▸ What is required: Which lines below fall between the one containing "Hotel Pankaj Residency" and the one containing "401 Cromwell CIR #2, Bartlett, IL 60103"? Repeat them exactly, counting both of those lines, and add nothing else.

▸ Records supplied:
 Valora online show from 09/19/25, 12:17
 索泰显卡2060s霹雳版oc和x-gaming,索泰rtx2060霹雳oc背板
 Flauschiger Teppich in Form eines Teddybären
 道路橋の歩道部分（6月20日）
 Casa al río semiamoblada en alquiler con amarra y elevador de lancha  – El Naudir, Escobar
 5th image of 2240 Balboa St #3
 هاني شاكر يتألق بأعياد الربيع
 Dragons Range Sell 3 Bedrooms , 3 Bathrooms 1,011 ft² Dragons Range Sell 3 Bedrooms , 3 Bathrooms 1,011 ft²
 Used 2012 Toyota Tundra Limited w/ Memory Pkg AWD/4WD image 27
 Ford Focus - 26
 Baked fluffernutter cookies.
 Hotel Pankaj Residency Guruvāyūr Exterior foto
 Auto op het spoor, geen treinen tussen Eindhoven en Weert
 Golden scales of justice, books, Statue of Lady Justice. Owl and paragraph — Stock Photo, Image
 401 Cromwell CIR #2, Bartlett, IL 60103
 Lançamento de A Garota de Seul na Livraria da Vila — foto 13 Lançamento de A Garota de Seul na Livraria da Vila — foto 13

▸ Task answer:
 Hotel Pankaj Residency Guruvāyūr Exterior foto
 Auto op het spoor, geen treinen tussen Eindhoven en Weert
 Golden scales of justice, books, Statue of Lady Justice. Owl and paragraph — Stock Photo, Image
 401 Cromwell CIR #2, Bartlett, IL 60103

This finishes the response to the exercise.